Thanks to his father John Hawkins would spend the next 48 years on the docks and would see how the industrial landscape changed and how those changes affected the area he grew up in.

“When container traffic came along it was a good thing in one way but a very bad thing in another because it wiped out employment. Our numbers fell from 1600 to 1200 in one year and the year after it was 600. If you meet an old docker today they can tell you about the tea boats and how dockers would be great at extracting things from the docks, so to speak. I remember my father telling me that ladies tights were a godsend because you could tie them around your neck and fill the legs with tea to bring home, but that era is gone. The days of slinging cargo and hands on docking will never return and it’s sad because it brought real character to this area.
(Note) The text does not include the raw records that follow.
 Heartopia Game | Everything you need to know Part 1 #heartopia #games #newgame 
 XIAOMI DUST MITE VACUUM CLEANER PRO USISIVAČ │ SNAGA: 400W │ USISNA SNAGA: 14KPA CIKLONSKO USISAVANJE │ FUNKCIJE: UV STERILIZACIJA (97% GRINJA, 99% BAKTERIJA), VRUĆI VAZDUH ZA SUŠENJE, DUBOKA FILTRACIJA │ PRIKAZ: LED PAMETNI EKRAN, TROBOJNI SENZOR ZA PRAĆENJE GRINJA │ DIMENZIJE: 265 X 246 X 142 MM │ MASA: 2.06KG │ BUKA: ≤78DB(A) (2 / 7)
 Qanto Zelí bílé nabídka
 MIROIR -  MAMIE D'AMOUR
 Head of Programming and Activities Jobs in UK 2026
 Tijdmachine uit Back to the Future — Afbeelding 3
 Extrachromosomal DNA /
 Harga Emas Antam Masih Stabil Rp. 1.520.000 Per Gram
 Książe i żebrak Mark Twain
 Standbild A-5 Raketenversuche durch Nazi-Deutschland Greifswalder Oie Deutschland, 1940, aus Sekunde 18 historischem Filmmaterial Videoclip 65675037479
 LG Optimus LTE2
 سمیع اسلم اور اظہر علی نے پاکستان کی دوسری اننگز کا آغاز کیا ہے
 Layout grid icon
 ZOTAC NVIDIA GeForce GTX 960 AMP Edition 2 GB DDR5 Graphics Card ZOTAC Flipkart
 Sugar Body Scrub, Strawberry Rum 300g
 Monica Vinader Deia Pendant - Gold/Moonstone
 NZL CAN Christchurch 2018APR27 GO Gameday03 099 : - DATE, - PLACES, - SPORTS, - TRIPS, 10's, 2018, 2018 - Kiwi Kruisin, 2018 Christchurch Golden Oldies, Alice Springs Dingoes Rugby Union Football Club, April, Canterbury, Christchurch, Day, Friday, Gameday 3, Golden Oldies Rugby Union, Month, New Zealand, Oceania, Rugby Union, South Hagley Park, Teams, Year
For the majority, the men in this area were bound together by the docks and it slowly slipped away.”

While it’s speculated that the growth in modern technology left most dockers behind as large mechanics began to supersede the work rate of the docker, John Hawkins was among many who were more than willing to change and adapt.
Speaking to former dockers can give you a sense that you’re living in some sort of time paradox. The stories of manual labour and work crews breaking their backs in the heart of a ferocious industry almost seems like it could have been one hundred years ago instead of the mere fifty or sixty it actually was. When speaking with someone like John Hawkins you get the overwhelming sense that he is part of a wilting brotherhood whose stories will never fade from the memory and whose pictures hang proudly on the walls of St. Patricks Rowing Club in Ringsend.
“We looked out for one another, we were almost clannish in that way. Being a docker was more than job, it was your life, your circle of friends and it consumed you, but you were happy to let it because it was what you grew up around. I’m lucky I got the chance and I’ll always be thankful.”